故障しない機械はないからパソコンも計測器も故障する

機械は壊れる。壊れない機械をつくることができたらどれほどすばらしいことだろう。誰もが壊れない機械を求める。日本人が品質管理という言葉を用いるときにそこで意味しているのは壊れない完全な機械であるらしい。徹底した品質管理をすることで完全な機械や製品や商品をつくることができると考えることに誤りはないのか。故障しにくい自動車をつくっているつもりでも、パンクするタイヤのことまでは配慮が及ばないし、操縦の失敗があれば事故につながる。完全な機械は実際にはない。機械が完全でないことを想定して機械に接し機械を使うべきなのである。 パソコンもコンピュータシステムも機械であるから故障する。コンピュータのハードウェアシステムは頻繁に故障するし、ソフトウェアシステムも同じである。パソコンが順調に作動しているとパソコンは壊れないという意識が使用者を支配してしまう。思考がそうした状況になると積み上げたデータを外部のハードディスクやインターネット上の保存システムなどに保存することを怠る。パソコンが突然動かなくなって、パソコンに内蔵されているハードディスクのデータを読み取れなくなることがある。労働の結晶であるデータがハードディスクの故障とともに消失する。それを手痛いと思わない人はいないだろう。ハードディスクに蓄積された膨大なデータの消失に失望して、同じ業務の継続を断念した人がいる。
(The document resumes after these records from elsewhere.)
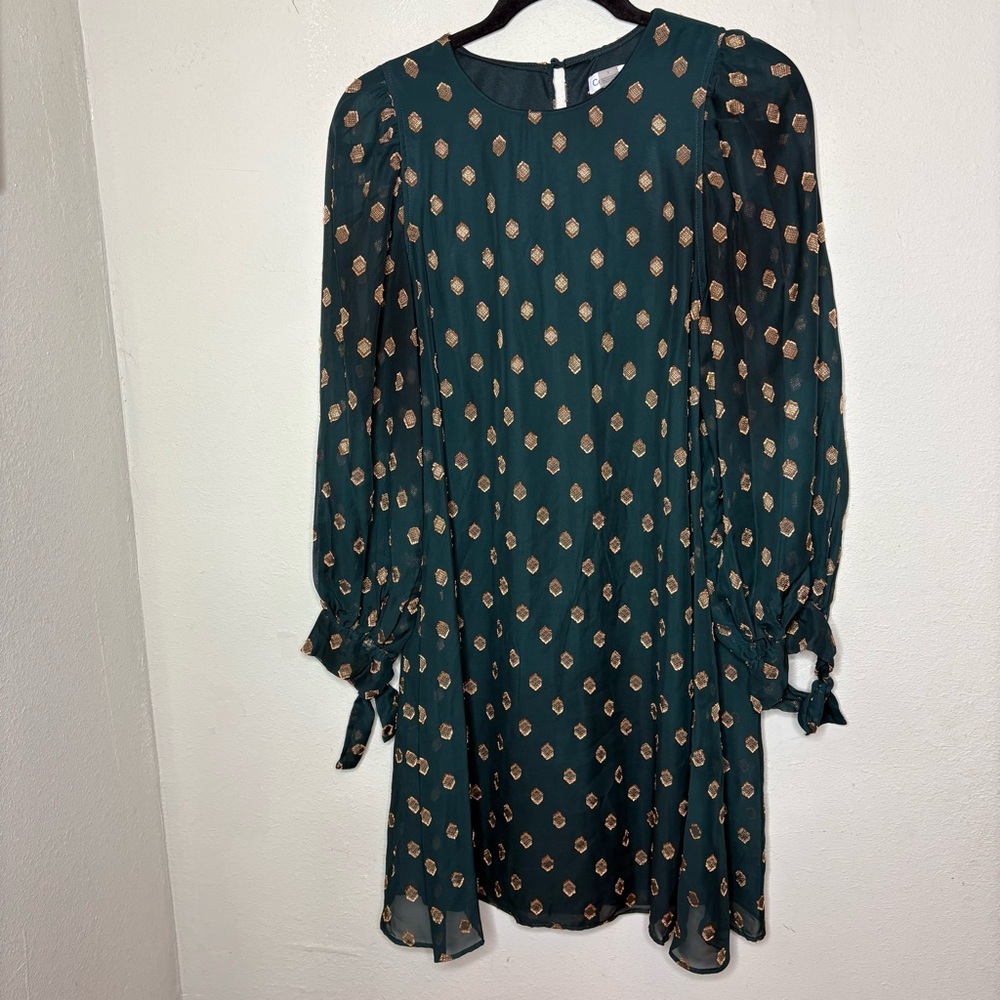 Calvin Klein Woman’s Dark Green Chiffon Long Sleeve Shift Dress Size 6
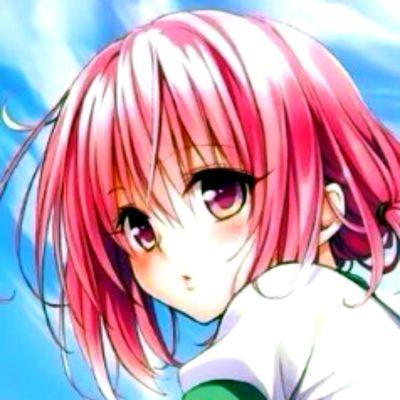 モモ＊すももさんのプロフィール画像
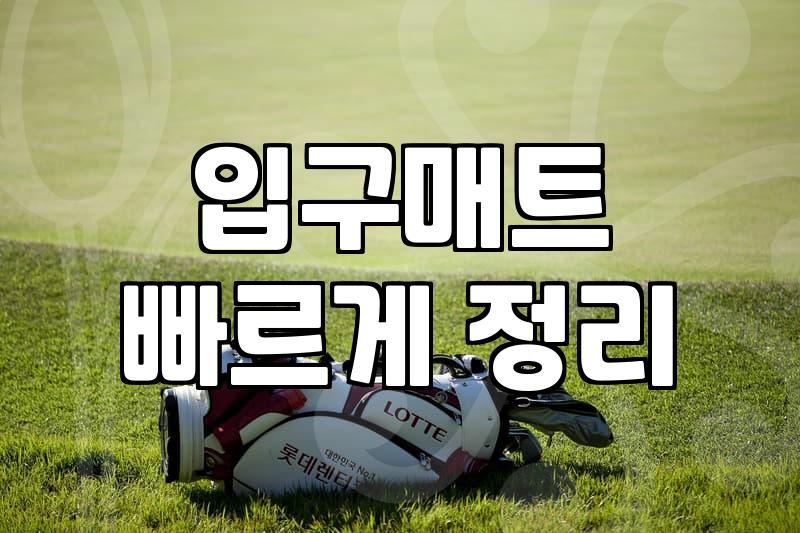 현관과 업소 입구에 맞는 바닥 매트 종류와 먼지 털이개 선택 시 놓치기 쉬운 점들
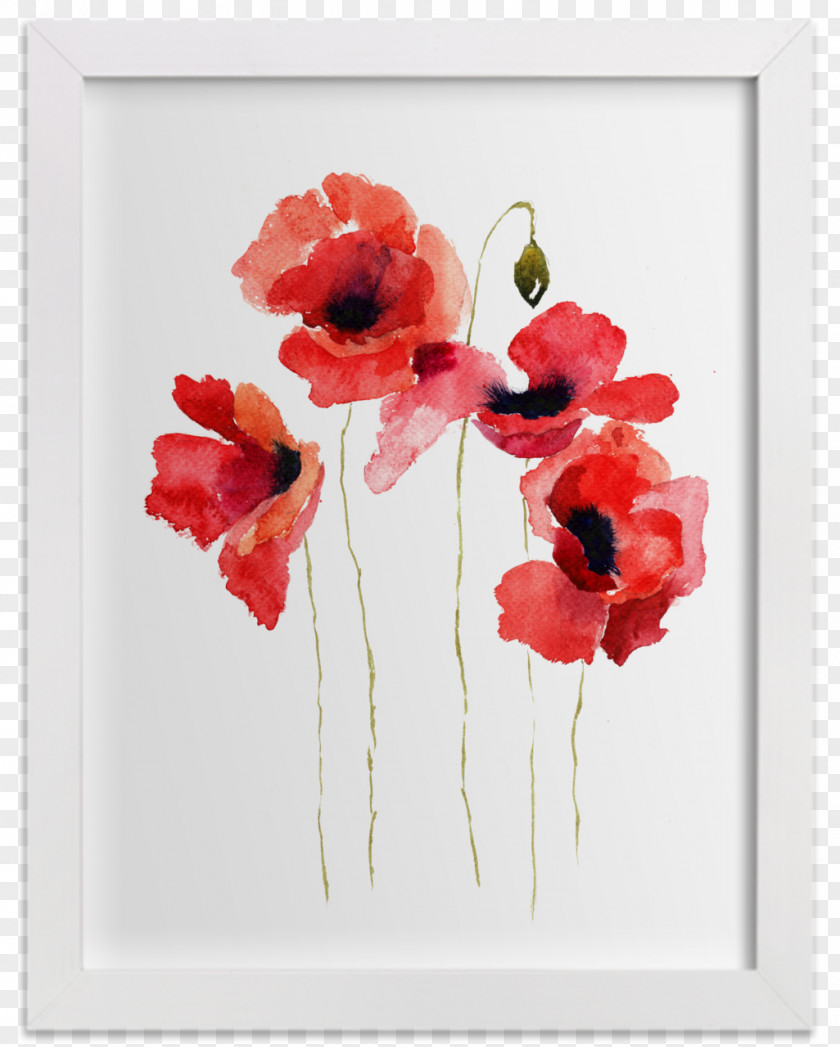 Watercolor Animals Common Poppy Painting Flower PNG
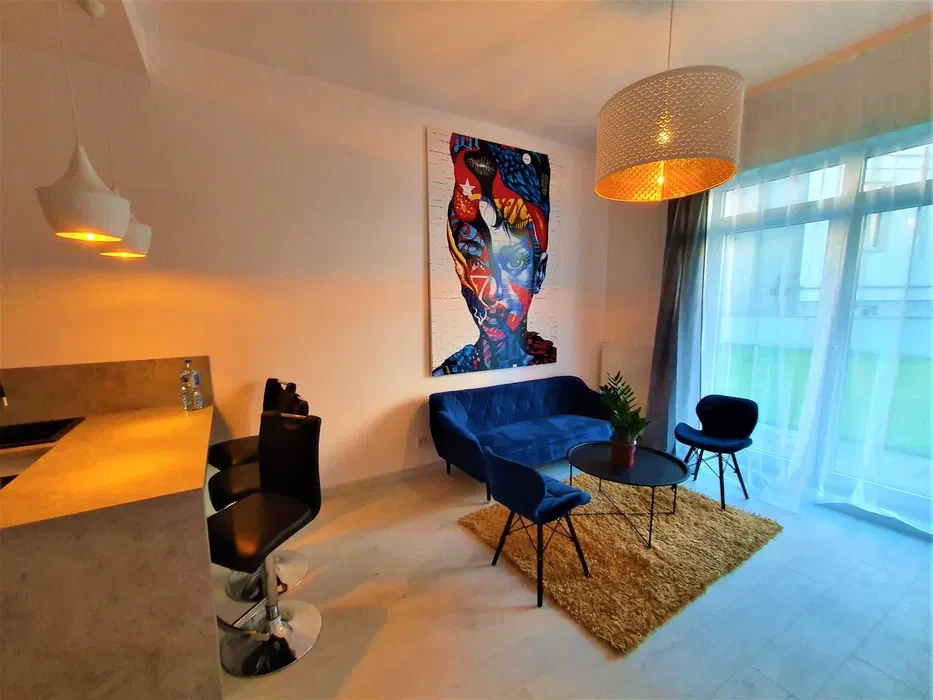 2pokoje, apartament ogrodek silownia parking Pogonowskiego, 10min od Piotrkowskiej, centrum - 1/8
データ消失の危険を回避する安全のしくみをつくって実行しなければならない。
 ある人のパソコンが故障したときに発生した困ったことは以下のようなものであった。電子メールができない。電子メールが届いているはずなのに、見ることができない。また電子メールを送信したいのにできない。パソコンによる文書作成が必要なのにできない。インターネットに接続できないために、インターネット上のホームページの運営が止まってしまう。そしてインターネットの閲覧ができない。このような状況が出現すると企業では会計業務や受注業務など止まってしまう。企業では端末のパソコンとデータのやりとりをするサーバーが故障すると業務が狂乱する。
 コンピュータを安全確実に使うためには、データのバックアップをしておくことと、メインコンピュータが故障したときに予備的なコンピュータを機能させることが求められる。パソコンは機械であるから故障する。計量計測機器も機械であるから故障する。故障した計測器が誤った計測値を表記していることに気づかないでいたことがよく報告される。誤った計測値を利用・使用して、事実と違うことを真実と考えてしまっていることはないのだろうか。これでは計測が意味を失ってしまう。